Qu'importe que le bail contienne un premier terme ordinaire et un second terme de six semaines de plus à peine de résiliation!

Cette clause est bonne pour tenir le fermier en respect, mais elle ne laisse pas d'être comminatoire,

Qu'est-ce qu'un délai de six semaines de plus ?

quel est le propriétaire qui exige son fermage et quel est le fermier qui le rende à terme nommé ?

Cependant, s'il y a demeure, il y'a action en résiliement, soit qu'il n'y ait qu'un terme ordinaire soit qu'il y en ait un autre plus rigoureux, c'est défaut de remplir l'engagement, et le cas de l'application des articles 1741 et 1766.

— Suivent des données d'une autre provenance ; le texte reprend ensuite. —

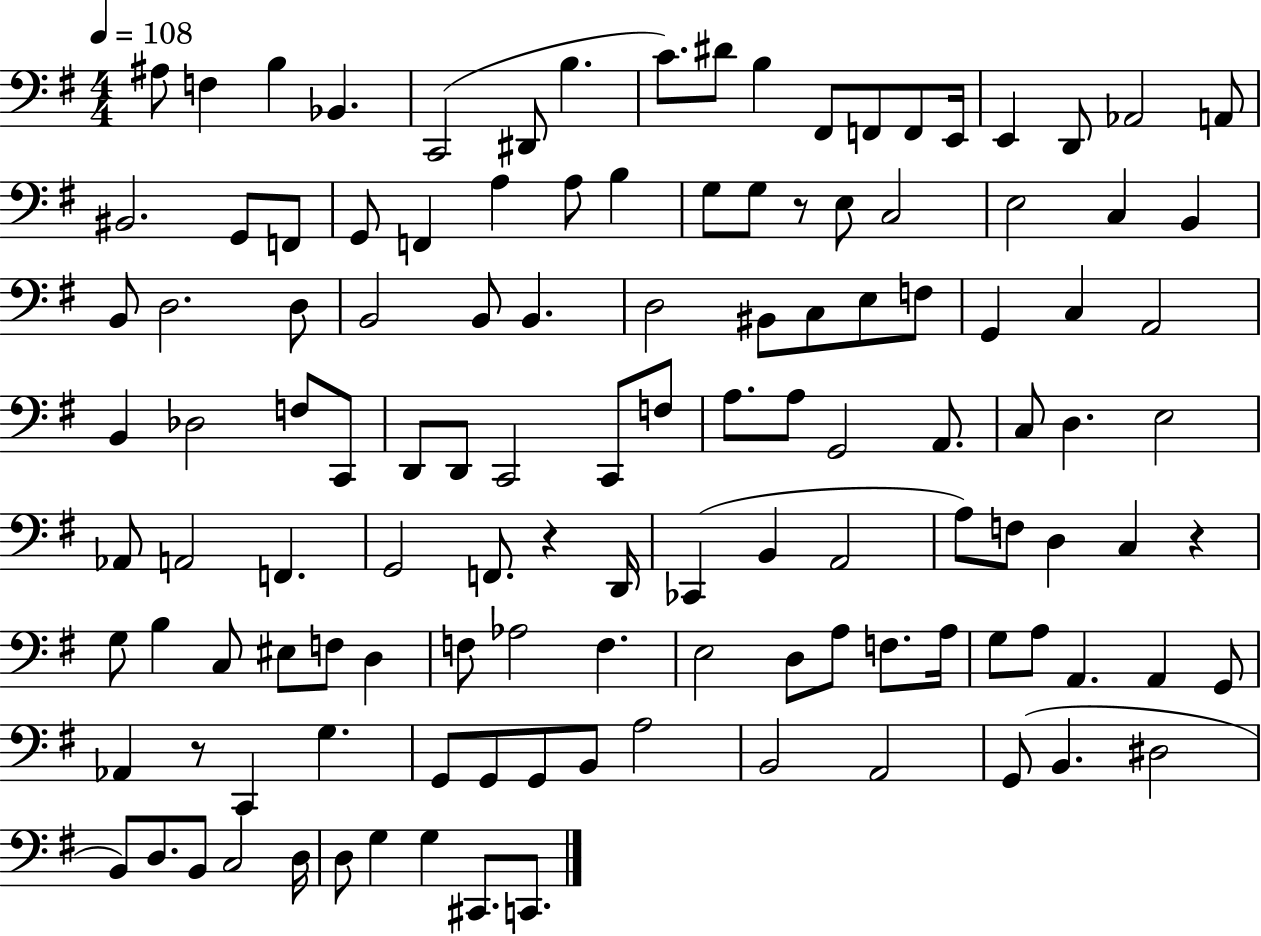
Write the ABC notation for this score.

X:1
T:Untitled
M:4/4
L:1/4
K:G
^A,/2 F, B, _B,, C,,2 ^D,,/2 B, C/2 ^D/2 B, ^F,,/2 F,,/2 F,,/2 E,,/4 E,, D,,/2 _A,,2 A,,/2 ^B,,2 G,,/2 F,,/2 G,,/2 F,, A, A,/2 B, G,/2 G,/2 z/2 E,/2 C,2 E,2 C, B,, B,,/2 D,2 D,/2 B,,2 B,,/2 B,, D,2 ^B,,/2 C,/2 E,/2 F,/2 G,, C, A,,2 B,, _D,2 F,/2 C,,/2 D,,/2 D,,/2 C,,2 C,,/2 F,/2 A,/2 A,/2 G,,2 A,,/2 C,/2 D, E,2 _A,,/2 A,,2 F,, G,,2 F,,/2 z D,,/4 _C,, B,, A,,2 A,/2 F,/2 D, C, z G,/2 B, C,/2 ^E,/2 F,/2 D, F,/2 _A,2 F, E,2 D,/2 A,/2 F,/2 A,/4 G,/2 A,/2 A,, A,, G,,/2 _A,, z/2 C,, G, G,,/2 G,,/2 G,,/2 B,,/2 A,2 B,,2 A,,2 G,,/2 B,, ^D,2 B,,/2 D,/2 B,,/2 C,2 D,/4 D,/2 G, G, ^C,,/2 C,,/2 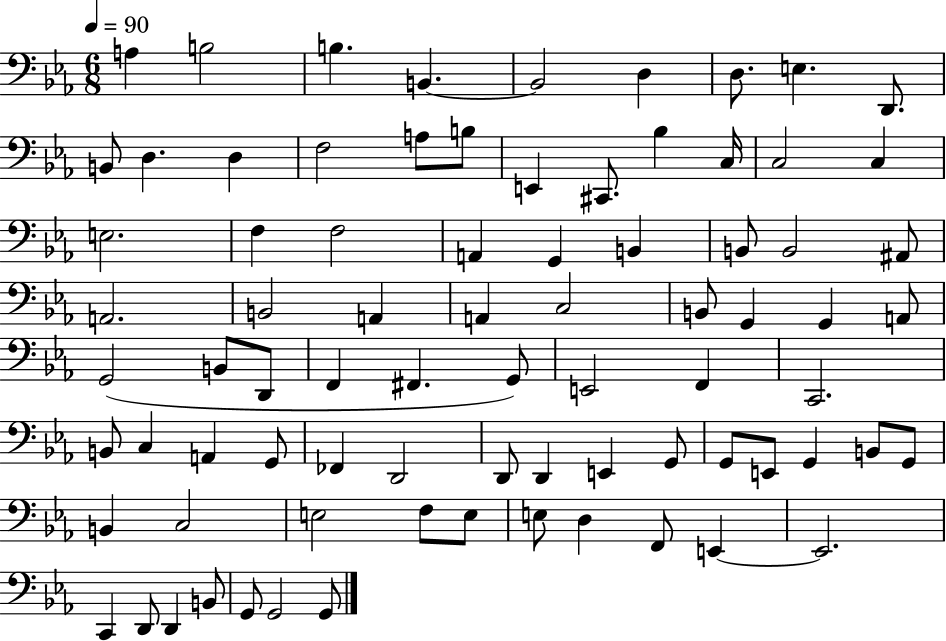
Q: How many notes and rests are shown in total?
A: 80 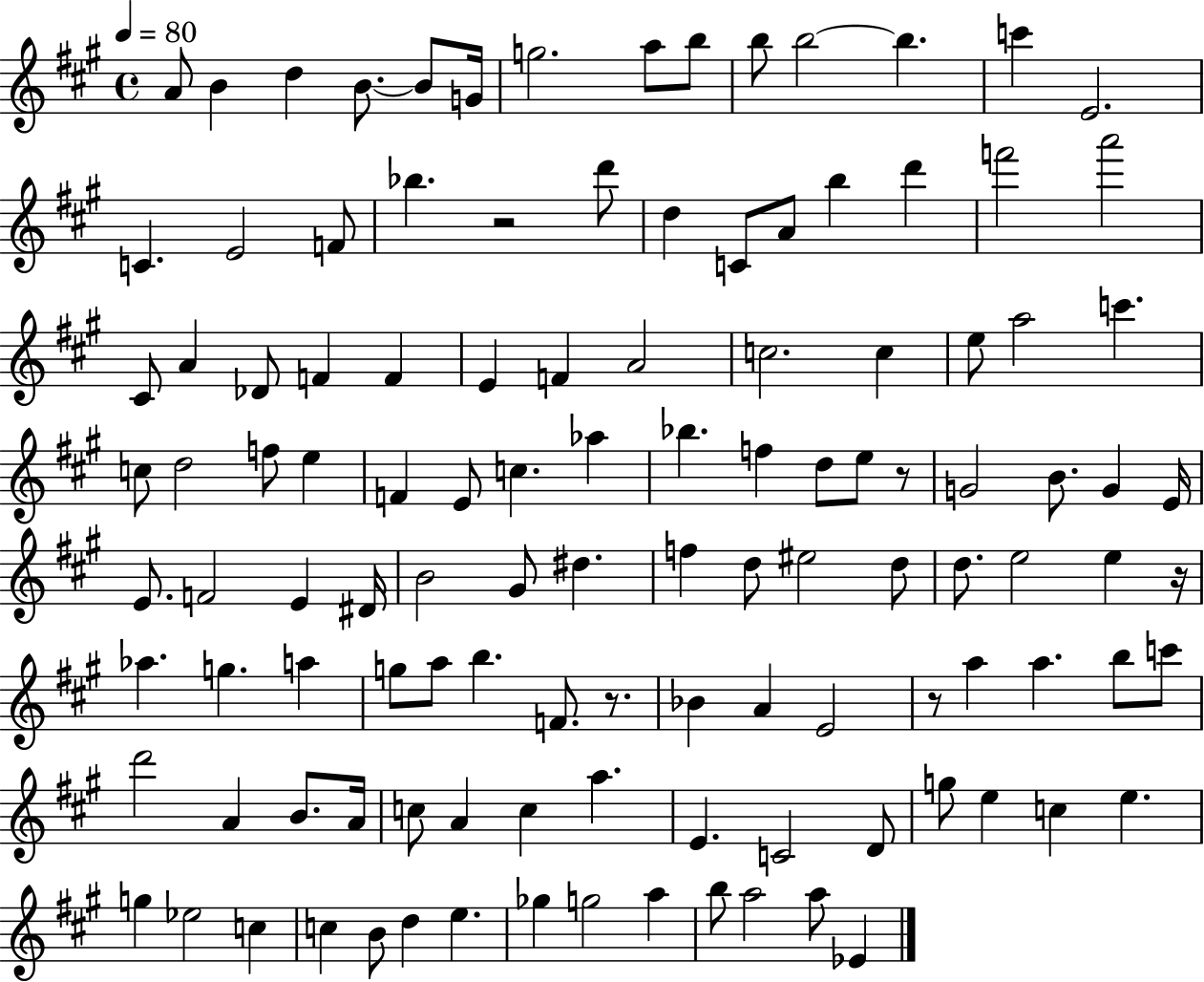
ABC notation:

X:1
T:Untitled
M:4/4
L:1/4
K:A
A/2 B d B/2 B/2 G/4 g2 a/2 b/2 b/2 b2 b c' E2 C E2 F/2 _b z2 d'/2 d C/2 A/2 b d' f'2 a'2 ^C/2 A _D/2 F F E F A2 c2 c e/2 a2 c' c/2 d2 f/2 e F E/2 c _a _b f d/2 e/2 z/2 G2 B/2 G E/4 E/2 F2 E ^D/4 B2 ^G/2 ^d f d/2 ^e2 d/2 d/2 e2 e z/4 _a g a g/2 a/2 b F/2 z/2 _B A E2 z/2 a a b/2 c'/2 d'2 A B/2 A/4 c/2 A c a E C2 D/2 g/2 e c e g _e2 c c B/2 d e _g g2 a b/2 a2 a/2 _E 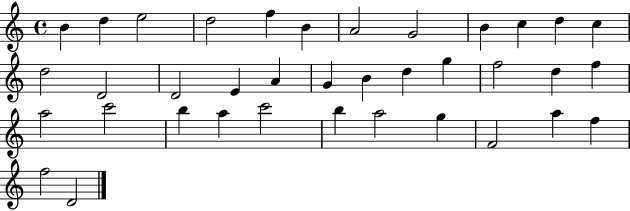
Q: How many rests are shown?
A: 0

A-la-vérité cette sorte de stipulation, par laquelle le preneur s'obligeait à payer à un terme ordinaire ou dans les six semaines suivantes, à peine de résolution, était usitée en Flandre et en Brabant; mais il est certain qu'en Flandre elle était comminatoire, et que la demeure pouvait se purger. C'est ce que la cour d'appel a jugé, d'après la jurisprudence attestée par les arrêtistes; et, quant au Brabant, il paraît au rapport des jurisconsultes que la jurisprudence a varié, parce qu'en dernier lieu on avait pris à la lettre quelques dispositions du droit romain dont les principes n'ont pas été reçus en France et qui ne sont entrés dans les dispositions du code civil que pour certains cas ou avec des modifications.

L'article 1139 apporte une modification au droit français, relativement au moyen de constituer en demeure et déterminer l'époque à laquelle le débiteur, tenu de donner ou livrer, est chargé des risques de la chose et des dommages intérêts.

Nous trouvons aussi une modification dans l'article 1656, au sujet de la vente des immeubles.

Observez néanmoins que ces deux modifications se rattachent à l'opinion de Pothier qui accorde moins de latitude au juge quand il y a une clause résolutoire.